** Instructions for the task **
Write out exactly the lines below starting at the one containing "Bold 50 percent" and ending at the one containing "vidaXL Σιντριβάνι Πισίνας". Omit every picture.

** Data extracts **
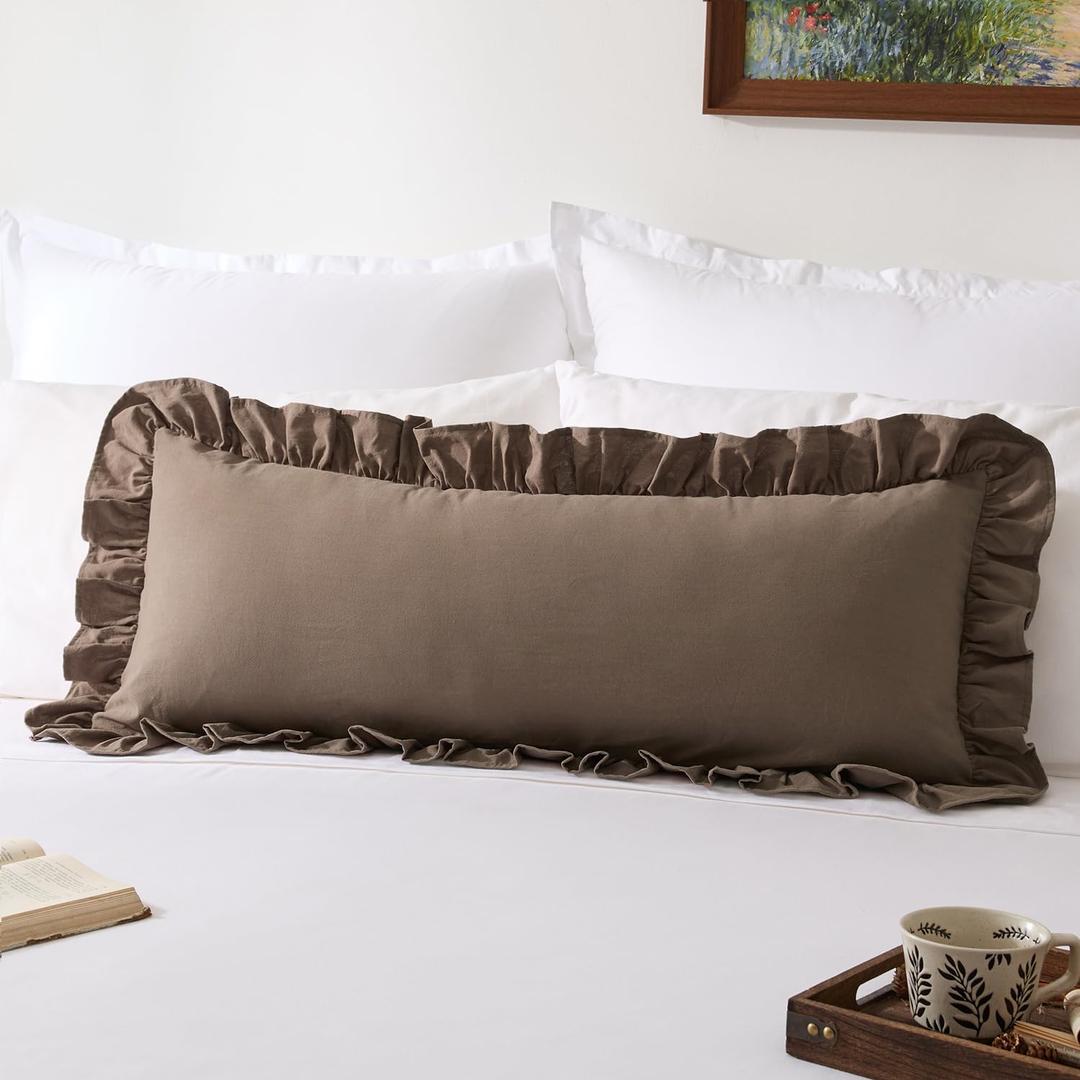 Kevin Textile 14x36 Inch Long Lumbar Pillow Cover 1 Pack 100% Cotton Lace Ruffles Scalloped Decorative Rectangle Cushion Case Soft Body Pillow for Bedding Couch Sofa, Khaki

--

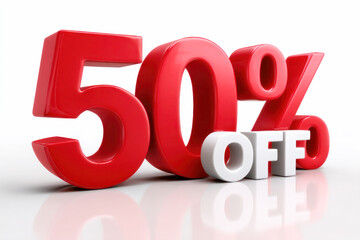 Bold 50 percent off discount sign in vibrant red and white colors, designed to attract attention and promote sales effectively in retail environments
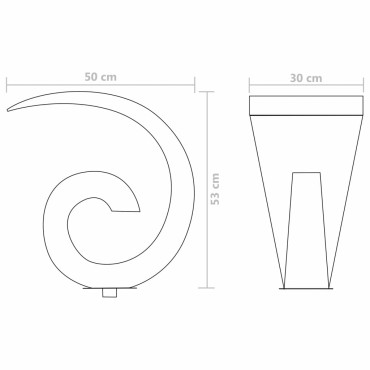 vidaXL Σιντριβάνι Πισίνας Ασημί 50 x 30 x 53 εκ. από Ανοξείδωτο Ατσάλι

==

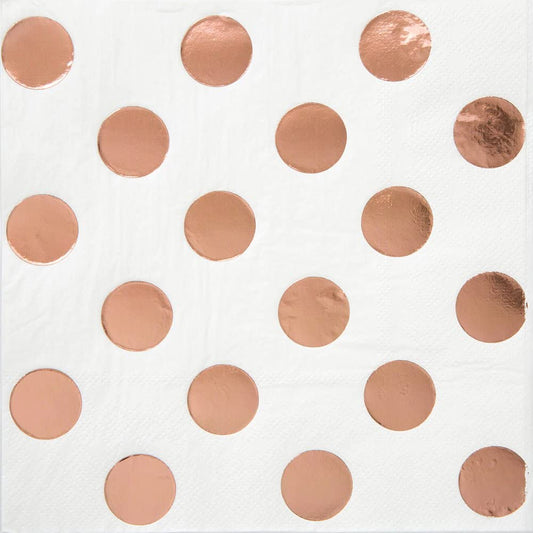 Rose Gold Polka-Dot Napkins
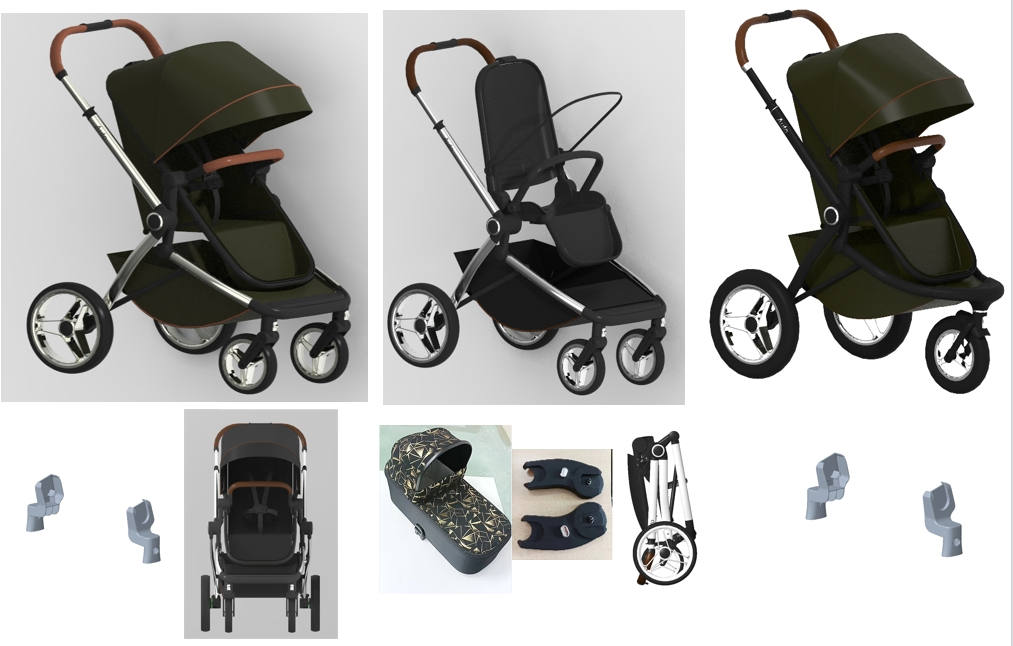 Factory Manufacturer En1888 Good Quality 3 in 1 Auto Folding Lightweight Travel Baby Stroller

** Answer box **
 Bold 50 percent off discount sign in vibrant red and white colors, designed to attract attention and promote sales effectively in retail environments
 vidaXL Σιντριβάνι Πισίνας Ασημί 50 x 30 x 53 εκ. από Ανοξείδωτο Ατσάλι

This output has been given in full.